------ Data supplied

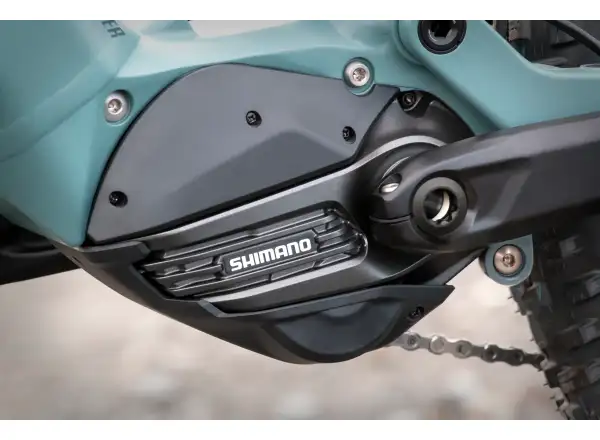Superior eXF 9049 R mountain e-bike matte trooper green/chrome silver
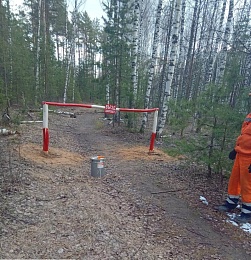 В Солотче окопали леса для противодействия пожарам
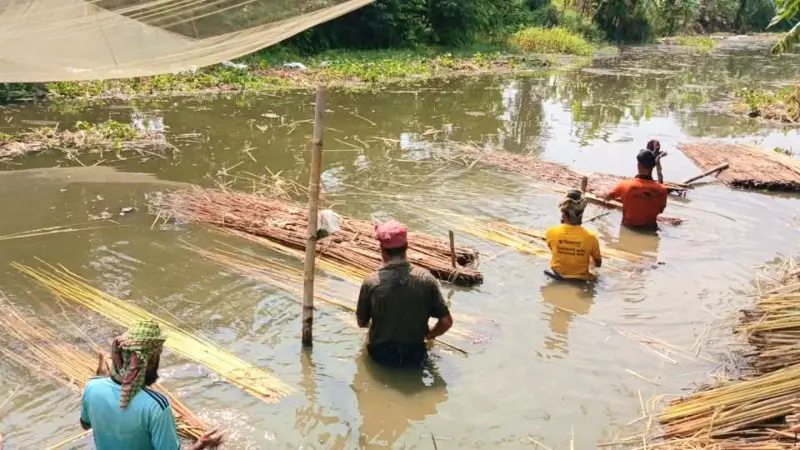 সোনালি আঁশে স্বপ্ন বুনছেন সালথার পাটচাষিরা সোনালি আঁশে স্বপ্ন বুনছেন সালথার পাটচাষিরা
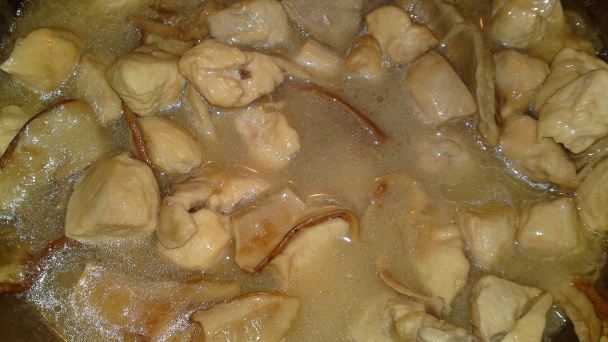 Kuracie ragú na Chardonnay s dubákmi a s estragónom (fotorecept) - obrázok 9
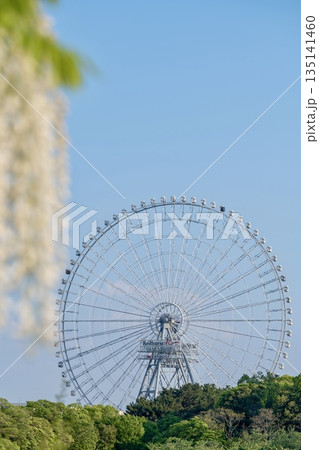 青空にそびえる観覧車・開放感あふれる春景色 135141460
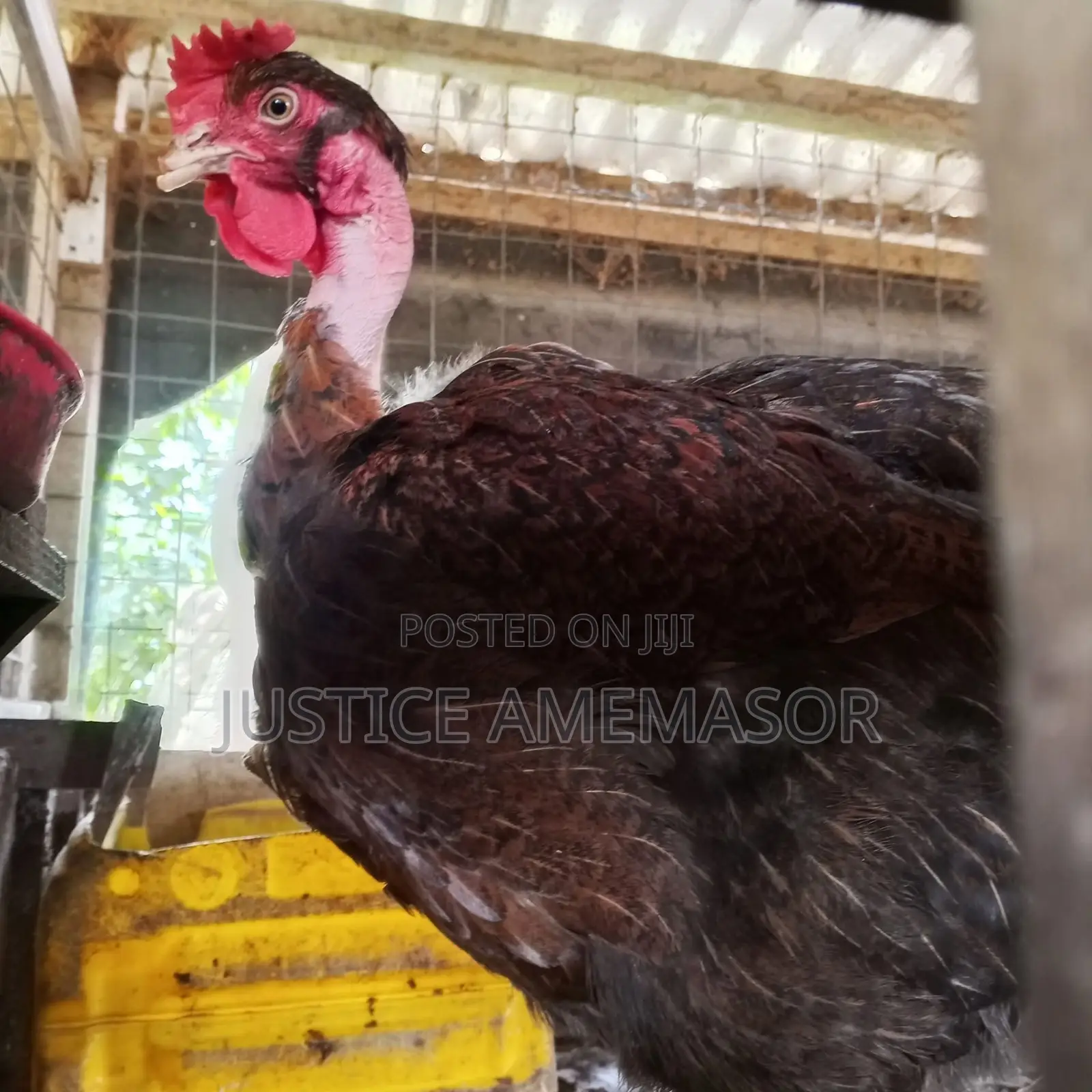 Noilers, Kroilers and Muscovy Ducklings for Sale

------------

- Problem details
Write out the records once more, word for word, though without the pictures they contain.

- Exercise answer
Superior eXF 9049 R mountain e-bike matte trooper green/chrome silver
 В Солотче окопали леса для противодействия пожарам
 সোনালি আঁশে স্বপ্ন বুনছেন সালথার পাটচাষিরা সোনালি আঁশে স্বপ্ন বুনছেন সালথার পাটচাষিরা
 Kuracie ragú na Chardonnay s dubákmi a s estragónom (fotorecept) - obrázok 9
 青空にそびえる観覧車・開放感あふれる春景色 135141460
 Noilers, Kroilers and Muscovy Ducklings for Sale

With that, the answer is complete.